2. A system as claimed in claim 1 wherein the frequency of water
removal is determined by temperature monitoring, water flow from
the reservoir, or the pressure of water in the reservoir, the need
for using energy.
3. A system as claimed in claim 1 wherein the frequency of water
removal is determined by monitoring water flow.
4. A system as claimed in claim 1 wherein the frequency of water
removal is determined by monitoring water pressure.
5. A system as claimed in claim 1 including depressing a
temperature control set point of the thermostat in response to a
water temperature condition in the reservoir and the frequency of
water removal.
6. A system as claimed in claim 5 including returning the set point
of the temperature control of the thermostat to a higher level when
the frequency of water extraction from the reservoir decreases.
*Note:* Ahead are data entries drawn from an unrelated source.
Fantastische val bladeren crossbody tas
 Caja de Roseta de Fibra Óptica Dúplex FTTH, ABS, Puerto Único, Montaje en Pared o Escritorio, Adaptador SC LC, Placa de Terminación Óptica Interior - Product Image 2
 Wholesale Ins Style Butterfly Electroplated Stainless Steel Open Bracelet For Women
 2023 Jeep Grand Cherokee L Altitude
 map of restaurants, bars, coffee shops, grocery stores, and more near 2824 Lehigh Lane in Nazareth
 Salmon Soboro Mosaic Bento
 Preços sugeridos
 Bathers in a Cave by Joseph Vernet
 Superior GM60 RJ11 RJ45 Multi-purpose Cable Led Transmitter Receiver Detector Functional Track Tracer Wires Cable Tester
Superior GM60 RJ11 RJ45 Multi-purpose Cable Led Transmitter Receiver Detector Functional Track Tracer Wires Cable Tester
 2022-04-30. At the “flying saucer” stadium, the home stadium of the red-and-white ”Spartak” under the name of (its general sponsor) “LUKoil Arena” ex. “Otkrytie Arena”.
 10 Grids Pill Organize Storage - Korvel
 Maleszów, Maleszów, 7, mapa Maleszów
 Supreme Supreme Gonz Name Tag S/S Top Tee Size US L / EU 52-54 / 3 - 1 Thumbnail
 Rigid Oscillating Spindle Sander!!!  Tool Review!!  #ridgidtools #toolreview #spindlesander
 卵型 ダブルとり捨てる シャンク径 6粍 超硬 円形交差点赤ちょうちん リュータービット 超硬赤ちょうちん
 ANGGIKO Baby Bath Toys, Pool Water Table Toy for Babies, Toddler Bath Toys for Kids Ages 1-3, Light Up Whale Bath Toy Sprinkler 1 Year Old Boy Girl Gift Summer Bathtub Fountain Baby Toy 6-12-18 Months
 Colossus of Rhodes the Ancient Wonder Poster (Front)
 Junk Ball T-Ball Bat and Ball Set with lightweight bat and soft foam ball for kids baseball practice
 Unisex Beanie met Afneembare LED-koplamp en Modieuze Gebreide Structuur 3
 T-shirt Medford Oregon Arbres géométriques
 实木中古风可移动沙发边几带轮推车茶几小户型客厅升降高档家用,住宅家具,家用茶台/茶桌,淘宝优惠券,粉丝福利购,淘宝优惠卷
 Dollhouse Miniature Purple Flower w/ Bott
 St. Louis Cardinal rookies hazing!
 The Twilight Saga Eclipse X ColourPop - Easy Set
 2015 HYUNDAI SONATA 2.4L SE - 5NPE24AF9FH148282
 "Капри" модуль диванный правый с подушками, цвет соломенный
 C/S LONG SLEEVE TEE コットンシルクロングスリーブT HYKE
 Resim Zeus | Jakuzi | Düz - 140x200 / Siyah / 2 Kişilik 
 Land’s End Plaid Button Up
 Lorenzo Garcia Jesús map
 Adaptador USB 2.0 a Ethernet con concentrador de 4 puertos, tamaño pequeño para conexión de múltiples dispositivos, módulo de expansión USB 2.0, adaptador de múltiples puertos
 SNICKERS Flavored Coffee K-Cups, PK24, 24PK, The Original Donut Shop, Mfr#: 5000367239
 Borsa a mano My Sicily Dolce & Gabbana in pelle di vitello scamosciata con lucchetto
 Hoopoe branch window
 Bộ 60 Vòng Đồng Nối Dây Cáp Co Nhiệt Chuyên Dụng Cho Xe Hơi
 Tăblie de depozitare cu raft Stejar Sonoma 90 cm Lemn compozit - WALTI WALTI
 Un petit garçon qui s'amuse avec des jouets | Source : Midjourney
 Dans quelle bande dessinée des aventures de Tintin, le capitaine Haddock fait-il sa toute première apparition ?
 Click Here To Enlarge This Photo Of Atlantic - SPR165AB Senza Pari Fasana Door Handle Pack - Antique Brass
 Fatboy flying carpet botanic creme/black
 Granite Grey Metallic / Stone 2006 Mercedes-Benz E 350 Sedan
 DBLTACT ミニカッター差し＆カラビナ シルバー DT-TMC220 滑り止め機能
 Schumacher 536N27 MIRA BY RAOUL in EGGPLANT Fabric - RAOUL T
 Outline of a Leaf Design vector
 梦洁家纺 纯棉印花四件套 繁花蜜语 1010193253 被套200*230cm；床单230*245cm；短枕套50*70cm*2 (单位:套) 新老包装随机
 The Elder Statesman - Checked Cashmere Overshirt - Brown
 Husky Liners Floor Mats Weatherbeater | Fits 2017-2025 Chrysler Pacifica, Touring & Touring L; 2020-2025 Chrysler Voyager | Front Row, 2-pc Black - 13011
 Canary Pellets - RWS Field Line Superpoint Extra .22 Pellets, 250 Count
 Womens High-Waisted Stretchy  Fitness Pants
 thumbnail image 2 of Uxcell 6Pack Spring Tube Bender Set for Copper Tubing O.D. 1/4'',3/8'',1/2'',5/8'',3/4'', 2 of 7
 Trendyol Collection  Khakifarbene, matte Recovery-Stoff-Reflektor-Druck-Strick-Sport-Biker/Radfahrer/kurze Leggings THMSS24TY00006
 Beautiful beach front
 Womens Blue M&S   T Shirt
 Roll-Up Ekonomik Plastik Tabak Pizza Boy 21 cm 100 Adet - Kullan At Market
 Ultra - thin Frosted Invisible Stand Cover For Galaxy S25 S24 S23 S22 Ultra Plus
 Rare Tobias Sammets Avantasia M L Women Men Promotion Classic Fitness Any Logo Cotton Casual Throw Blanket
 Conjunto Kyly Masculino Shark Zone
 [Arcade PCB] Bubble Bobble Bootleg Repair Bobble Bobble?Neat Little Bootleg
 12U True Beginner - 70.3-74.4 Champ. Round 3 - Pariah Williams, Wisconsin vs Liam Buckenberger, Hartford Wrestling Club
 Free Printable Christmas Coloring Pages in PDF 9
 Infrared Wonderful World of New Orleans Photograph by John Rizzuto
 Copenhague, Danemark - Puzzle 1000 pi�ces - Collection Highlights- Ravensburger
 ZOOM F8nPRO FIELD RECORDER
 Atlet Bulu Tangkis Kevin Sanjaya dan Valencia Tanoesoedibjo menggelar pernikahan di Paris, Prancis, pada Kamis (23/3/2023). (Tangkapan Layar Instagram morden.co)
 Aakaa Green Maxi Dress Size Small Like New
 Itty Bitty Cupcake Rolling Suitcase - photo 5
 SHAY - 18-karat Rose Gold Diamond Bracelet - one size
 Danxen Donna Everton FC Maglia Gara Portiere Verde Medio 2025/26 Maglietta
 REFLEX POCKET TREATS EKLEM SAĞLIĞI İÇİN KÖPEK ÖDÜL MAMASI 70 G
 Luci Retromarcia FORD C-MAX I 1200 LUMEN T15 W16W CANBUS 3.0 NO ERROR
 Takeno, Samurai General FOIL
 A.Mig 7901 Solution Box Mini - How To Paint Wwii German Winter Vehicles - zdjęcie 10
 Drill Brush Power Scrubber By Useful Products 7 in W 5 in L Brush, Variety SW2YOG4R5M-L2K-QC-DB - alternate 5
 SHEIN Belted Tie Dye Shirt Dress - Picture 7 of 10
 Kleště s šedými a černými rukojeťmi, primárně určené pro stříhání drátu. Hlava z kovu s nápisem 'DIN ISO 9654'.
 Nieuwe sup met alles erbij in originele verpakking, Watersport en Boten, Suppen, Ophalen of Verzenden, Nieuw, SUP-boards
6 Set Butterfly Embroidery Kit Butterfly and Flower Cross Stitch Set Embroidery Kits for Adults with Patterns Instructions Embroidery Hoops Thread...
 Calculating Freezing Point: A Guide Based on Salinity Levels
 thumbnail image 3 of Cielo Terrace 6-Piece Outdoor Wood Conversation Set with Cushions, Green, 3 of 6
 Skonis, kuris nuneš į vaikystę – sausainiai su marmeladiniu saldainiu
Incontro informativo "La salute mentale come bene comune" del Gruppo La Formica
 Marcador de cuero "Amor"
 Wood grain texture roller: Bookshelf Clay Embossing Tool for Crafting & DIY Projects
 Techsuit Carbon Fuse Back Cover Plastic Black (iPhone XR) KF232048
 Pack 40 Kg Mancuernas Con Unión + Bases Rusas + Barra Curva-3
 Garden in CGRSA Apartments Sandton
7. A system as claimed in claim 6 including preprogramming a
microprocessor related to the thermostat probe to permit a
predetermined amount of control temperature set point depression
relative to frequency of usage.
8. A system as claimed in claim 1 including a microprocessor with
the temperature monitoring probe, the setting of the microprocessor
being effected for the reservoir, the setting being determined
according to a usage pattern associated relative to the use of the
water heater.
9. A system as claimed in claim 8 including presetting the
temperature control towards a maximum set point or selectively
another set point.
10. A system as claimed in claim 9 including the steps of
programming the microprocessor to reduce the thermostat set point
temperature about 1.degree. F. each time a second requirement for
heating is made within about 17 minutes.
11. A system as claimed in claim 10 wherein the reduction of the
thermostat set point is cumulative in the event of a further
requirement for heating occurs within about the next 17 minutes,
thereby permitting a total of 2.degree. F. reduction in thermostat
set point.
12. A system as claimed in claim 11 including continuing the
depression of the temperature set point until a time period in the
excess of about 17 minutes occurs and thereafter having the
microprocessor raise the set point towards an original setting of
about 1.degree. F. in about 30 minutes.
13. A system as claimed in claim 5 including depressing the
temperature for a different predetermined number of degrees at a
preselected time interval and wherein the amount of depression is
at least one of cumulative or preset, and wherein the timing and
the amount of temperature increments to return to an original
setting is selectable.
14. A system as claimed in claim 5 including presetting the
temperature control to the maximum set point or selectively at any
selected set point.
15. A system as claimed in claim 8 including depressing the
temperature for a different predetermined number of degrees at a
preselected time interval, and wherein the amount of depression is
at least one of cumulative or preset, and wherein the timing and
the temperature increment to return to an original setting is
selectable.
16. A method of controlling a hot water heater including a
reservoir for containing hot water, a cold water feed for the
reservoir, a hot water exit for the reservoir, means for supplying
energy to heat water in the reservoir; a thermostat temperature
monitoring probe associated with the reservoir comprising relating
the temperature of the water, frequency of water removal to control
the operation of the energy means for supplying heat to the
reservoir.
17. A method as claimed in claim 16 wherein frequency of water
removal is determined by temperature monitoring.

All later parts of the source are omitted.